Friday, November 2, 2007

Rima, Bird Girl of the Amazon

In my ongoing search for archetypes over at the Prosperity Project, I became somewhat entranced with the idea of Rima, the heroine of Green Mansions. What a contrast she is to the Little Spartan Boy. I wonder how different my life would be now, if I had been able to adopt her as my inner archetype instead of that little boy. Here is how he describes her:

Chapter Five:
It was a human being-- a girl form, reclining on the moss among the ferns and herbage, near the roots of a small tree. One arm was doubled behind her neck for her head to rest upon, while the other arm was held extended before her, the hand raised towards a small brown bird perched on a pendulous twig just beyond its reach. She appeared to be playing with the bird, possibly amusing herself by trying to entice it on to her hand; and the hand appeared to tempt it greatly, for it persistently hopped up and down, turning rapidly about this way and that, flirting it swings and tail, and always appearing just on the point of dropping on to her finger.

I could make out that she was small, not above four feet six or seven inches in height, in figure slim, with delicately shaped little hands and feet. Her feet were bare, and her only garment was a slight chemise-shaped dress reaching below her knees, of a whitish-gray colour, with a faint lustre as of a silky material. Her hair was loose and abundant, and seemed wavy or curly, falling in a cloud on her shoulders and arms. Dark it appeared, but the precise tint was indeterminable, as was that of her skin, which looked neither brown nor white. All together, near to me as she actually was, there was a kind of mistiness in the figure which made it appear somewhat vague and distant, and a greenish grey seemed the prevailing colour.

This tint I presently attributed to the effect of the sunlight falling on her through the green foliage; for once, for a moment, she raised herself to reach her finger nearer to the bird, and then a gleam of unsubdued sunlight fell on her hair and arm, and the arm at that moment appeared of a pearly whiteness, and the hair, just where the light touched it, had a strange lustre and play of iridescent colour.

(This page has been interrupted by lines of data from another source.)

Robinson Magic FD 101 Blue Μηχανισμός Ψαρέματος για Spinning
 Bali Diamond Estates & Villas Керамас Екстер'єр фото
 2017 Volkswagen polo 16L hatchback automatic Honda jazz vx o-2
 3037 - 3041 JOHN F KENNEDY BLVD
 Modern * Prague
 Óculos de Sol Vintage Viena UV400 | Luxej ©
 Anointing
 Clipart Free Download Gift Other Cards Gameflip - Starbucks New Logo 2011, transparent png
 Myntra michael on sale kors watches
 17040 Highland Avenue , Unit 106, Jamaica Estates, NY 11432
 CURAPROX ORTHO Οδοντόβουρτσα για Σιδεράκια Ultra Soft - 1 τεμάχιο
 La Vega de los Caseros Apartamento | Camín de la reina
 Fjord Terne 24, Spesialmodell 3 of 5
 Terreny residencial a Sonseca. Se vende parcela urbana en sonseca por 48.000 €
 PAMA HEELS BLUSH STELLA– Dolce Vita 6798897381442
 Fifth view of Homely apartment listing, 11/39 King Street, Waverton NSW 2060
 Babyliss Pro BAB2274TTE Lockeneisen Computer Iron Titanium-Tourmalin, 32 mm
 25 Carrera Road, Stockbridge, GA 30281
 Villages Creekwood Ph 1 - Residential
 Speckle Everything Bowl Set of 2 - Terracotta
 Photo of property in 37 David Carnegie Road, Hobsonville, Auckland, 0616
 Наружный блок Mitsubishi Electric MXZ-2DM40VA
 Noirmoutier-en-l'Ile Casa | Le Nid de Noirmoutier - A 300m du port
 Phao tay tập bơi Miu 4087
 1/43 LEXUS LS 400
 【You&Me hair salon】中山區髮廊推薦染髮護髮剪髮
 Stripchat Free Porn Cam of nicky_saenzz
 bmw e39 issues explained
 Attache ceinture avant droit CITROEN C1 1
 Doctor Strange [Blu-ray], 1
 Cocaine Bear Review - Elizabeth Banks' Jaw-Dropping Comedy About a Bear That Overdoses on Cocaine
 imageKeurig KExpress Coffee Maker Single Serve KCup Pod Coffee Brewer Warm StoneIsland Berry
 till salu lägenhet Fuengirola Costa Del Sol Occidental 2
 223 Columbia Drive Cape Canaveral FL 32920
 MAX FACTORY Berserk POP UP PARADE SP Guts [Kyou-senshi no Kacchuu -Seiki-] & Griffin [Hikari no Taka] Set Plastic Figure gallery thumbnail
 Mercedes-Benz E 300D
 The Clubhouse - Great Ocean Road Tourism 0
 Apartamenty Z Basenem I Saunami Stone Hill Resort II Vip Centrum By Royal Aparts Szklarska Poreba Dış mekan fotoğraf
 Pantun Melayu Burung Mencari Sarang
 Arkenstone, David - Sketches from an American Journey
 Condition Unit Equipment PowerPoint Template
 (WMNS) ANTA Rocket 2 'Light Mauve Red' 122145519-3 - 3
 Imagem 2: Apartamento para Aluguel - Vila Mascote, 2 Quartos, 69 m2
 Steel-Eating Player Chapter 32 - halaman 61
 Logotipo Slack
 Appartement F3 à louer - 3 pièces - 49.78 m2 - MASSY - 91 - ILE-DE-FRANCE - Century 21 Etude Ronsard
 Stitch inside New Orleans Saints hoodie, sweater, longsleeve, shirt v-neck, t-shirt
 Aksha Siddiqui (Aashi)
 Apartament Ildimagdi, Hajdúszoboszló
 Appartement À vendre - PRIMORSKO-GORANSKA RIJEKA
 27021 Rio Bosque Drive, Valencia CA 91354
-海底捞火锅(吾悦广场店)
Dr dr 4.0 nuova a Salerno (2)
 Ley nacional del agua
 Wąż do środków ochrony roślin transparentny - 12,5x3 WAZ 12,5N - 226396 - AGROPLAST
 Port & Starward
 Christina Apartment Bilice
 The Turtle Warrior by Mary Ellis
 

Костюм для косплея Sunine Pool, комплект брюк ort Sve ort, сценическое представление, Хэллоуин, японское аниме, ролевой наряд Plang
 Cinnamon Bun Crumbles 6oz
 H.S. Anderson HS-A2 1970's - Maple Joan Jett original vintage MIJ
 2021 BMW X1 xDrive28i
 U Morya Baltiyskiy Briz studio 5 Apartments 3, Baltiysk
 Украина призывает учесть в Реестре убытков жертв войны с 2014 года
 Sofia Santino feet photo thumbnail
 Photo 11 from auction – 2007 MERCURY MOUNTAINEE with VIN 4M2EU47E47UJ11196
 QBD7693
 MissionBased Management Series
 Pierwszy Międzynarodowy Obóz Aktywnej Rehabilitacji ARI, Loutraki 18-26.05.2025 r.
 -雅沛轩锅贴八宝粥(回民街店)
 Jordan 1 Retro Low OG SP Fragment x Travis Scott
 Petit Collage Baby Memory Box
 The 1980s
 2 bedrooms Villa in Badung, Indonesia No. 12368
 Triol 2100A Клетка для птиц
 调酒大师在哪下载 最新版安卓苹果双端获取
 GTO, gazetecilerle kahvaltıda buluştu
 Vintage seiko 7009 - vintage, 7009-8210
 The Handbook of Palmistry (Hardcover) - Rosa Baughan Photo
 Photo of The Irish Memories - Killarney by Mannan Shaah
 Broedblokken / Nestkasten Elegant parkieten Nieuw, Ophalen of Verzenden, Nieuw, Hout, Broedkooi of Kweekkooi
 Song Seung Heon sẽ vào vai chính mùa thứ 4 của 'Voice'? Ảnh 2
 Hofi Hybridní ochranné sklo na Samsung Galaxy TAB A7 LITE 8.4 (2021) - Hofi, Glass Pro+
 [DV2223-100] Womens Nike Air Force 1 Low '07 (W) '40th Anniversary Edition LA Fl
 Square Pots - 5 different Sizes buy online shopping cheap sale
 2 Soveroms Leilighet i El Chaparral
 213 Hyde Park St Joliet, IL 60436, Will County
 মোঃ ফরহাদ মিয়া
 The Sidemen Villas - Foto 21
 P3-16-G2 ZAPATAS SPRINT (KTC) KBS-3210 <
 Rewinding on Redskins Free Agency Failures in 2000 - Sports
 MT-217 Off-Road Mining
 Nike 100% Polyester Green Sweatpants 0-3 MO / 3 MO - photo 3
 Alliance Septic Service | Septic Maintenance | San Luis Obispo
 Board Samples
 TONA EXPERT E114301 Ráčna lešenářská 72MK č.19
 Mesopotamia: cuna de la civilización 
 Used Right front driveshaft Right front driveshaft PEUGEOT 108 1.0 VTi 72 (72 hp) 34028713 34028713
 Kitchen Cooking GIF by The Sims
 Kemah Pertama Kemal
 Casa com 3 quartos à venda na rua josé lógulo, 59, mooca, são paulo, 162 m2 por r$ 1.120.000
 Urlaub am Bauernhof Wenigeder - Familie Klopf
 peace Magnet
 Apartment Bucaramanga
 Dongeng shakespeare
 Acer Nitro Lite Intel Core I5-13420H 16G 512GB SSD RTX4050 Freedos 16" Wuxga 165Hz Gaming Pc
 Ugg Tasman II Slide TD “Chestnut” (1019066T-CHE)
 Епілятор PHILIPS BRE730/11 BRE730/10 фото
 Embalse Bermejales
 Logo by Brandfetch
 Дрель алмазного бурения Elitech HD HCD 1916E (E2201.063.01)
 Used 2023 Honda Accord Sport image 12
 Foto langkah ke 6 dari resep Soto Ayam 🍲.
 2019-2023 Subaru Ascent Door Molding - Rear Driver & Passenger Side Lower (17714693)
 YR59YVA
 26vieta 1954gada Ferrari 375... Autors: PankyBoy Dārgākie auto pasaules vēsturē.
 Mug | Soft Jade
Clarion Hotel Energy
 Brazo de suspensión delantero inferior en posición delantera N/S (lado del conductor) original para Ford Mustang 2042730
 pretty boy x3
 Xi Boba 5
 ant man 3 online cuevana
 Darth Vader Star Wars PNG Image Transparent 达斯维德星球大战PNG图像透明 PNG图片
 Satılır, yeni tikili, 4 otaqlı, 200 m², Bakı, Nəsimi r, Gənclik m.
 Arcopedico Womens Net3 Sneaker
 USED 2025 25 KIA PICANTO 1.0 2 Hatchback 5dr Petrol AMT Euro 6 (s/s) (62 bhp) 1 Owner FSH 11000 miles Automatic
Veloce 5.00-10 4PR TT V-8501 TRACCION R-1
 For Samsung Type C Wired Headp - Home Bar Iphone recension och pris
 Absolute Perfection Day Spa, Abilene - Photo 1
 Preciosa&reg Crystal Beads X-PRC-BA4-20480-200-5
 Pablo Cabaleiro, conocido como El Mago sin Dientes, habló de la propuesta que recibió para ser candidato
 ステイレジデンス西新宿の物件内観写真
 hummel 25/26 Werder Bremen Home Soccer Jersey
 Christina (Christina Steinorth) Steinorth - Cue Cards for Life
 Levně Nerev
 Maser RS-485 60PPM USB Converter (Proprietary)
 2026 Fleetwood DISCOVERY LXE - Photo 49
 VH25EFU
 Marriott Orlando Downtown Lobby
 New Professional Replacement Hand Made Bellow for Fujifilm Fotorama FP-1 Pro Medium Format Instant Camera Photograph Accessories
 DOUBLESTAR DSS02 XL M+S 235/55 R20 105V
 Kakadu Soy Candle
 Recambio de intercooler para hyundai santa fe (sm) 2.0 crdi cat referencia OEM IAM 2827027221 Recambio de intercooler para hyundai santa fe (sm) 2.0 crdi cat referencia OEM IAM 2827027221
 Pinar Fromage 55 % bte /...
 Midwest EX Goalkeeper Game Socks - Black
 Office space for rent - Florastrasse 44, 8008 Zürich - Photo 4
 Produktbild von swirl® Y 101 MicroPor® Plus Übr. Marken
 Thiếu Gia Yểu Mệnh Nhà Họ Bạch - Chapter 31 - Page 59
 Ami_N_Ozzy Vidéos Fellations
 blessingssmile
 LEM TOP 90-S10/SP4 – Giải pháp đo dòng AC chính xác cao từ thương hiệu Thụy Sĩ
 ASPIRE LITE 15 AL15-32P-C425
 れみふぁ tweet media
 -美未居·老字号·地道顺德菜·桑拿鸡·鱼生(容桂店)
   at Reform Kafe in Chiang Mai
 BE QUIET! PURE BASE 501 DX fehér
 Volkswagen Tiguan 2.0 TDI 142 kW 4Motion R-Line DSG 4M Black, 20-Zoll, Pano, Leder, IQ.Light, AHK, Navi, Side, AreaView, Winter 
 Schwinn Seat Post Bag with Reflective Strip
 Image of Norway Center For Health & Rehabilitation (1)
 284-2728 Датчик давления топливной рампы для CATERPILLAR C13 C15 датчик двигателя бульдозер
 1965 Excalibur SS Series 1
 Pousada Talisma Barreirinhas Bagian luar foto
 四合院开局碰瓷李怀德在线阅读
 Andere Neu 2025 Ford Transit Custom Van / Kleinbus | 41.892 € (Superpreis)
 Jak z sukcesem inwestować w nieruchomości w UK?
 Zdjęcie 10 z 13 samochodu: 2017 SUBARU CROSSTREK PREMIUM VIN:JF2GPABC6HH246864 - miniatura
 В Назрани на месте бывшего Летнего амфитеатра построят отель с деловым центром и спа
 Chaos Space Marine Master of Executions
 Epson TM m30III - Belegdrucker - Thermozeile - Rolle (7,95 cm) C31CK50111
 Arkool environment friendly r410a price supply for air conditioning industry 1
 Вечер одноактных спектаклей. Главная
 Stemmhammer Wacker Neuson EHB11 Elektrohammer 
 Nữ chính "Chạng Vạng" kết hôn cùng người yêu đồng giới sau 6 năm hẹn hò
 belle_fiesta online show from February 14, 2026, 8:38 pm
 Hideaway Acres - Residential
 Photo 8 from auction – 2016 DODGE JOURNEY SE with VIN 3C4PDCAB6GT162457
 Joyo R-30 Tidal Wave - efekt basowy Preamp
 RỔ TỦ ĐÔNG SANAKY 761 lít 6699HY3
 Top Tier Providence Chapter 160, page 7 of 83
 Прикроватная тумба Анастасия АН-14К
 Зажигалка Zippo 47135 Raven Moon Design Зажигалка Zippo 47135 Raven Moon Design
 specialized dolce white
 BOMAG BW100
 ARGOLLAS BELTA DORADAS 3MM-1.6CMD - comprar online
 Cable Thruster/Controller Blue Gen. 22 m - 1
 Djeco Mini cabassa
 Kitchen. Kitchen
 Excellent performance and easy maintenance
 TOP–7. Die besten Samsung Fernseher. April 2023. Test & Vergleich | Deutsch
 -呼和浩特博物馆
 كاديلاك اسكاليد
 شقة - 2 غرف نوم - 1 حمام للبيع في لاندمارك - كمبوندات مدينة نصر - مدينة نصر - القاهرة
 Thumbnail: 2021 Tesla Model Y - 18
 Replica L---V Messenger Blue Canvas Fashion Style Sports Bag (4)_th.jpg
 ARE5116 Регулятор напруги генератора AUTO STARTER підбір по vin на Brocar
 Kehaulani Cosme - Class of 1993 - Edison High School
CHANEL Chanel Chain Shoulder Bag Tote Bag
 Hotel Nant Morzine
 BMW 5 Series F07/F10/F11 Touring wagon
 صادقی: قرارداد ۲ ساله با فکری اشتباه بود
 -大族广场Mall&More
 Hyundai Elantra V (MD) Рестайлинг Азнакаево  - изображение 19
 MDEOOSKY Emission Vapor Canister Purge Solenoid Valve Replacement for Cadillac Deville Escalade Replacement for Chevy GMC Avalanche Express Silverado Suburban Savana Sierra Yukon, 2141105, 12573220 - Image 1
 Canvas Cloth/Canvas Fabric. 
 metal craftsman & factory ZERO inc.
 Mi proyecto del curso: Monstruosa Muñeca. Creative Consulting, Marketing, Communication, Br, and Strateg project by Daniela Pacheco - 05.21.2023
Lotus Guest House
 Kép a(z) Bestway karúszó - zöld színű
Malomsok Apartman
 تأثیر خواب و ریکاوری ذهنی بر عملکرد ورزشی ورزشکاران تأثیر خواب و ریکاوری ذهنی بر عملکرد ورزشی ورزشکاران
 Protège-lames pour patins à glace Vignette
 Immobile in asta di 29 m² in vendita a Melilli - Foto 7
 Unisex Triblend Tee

I had not been watching her more than three seconds before the bird, with a sharp, creaking little chirp, flew up and away in sudden alarm; at the same moment she turned and saw me through the light leafy screen. But although catching sight of me thus suddenly, she did not exhibit alarm like the bird; only her eyes, wide open, with a surprised look in them, remained immovably fixed on my face.

And then slowly, imperceptibly-- for I did not notice the actual movement, so gradual and smooth it was, like the motion of a cloud of mist which changes its form and place, yet to the eye seems not to have moved-- she rose to her knees, to her feet, retired, and with face still towards me, and eyes fixed on mine, finally disappeared, going as if she had melted away into the verdure. The leafage was there occupying the precise spot where she had been a moment before-- the feathery foliage of an acacia shrub, and stems and broad, arrow- shaped leaves of an aquatic plant, and slim, drooping fern fronds, and they were motionless and seemed not to have been touched by something passing through them.

She had gone, yet I continued still, bent almost double, gazing fixedly at the spot where I had last seen her, my mind in a strange condition, possessed by sensations which were keenly felt and yet contradictory. So vivid was the image left on my brain that she still seemed to be actually before my eyes; and she was not there, nor had been, for it was a dream, an illusion, and no such being existed, or could exist, in this gross world; and at the same time I knew that she had been there-- that imagination was powerless to conjure up a form so exquisite.


Very romantic and beautiful isn't she? I think she is too young and altogether too beautiful and I'm not quite comfortable with her as an archetype. I do however think that I will begin to think of her as my lost child. Maybe I will root around and find her bones, each and every delicate one. And maybe, La Loba will sing through me and bring her into being once again.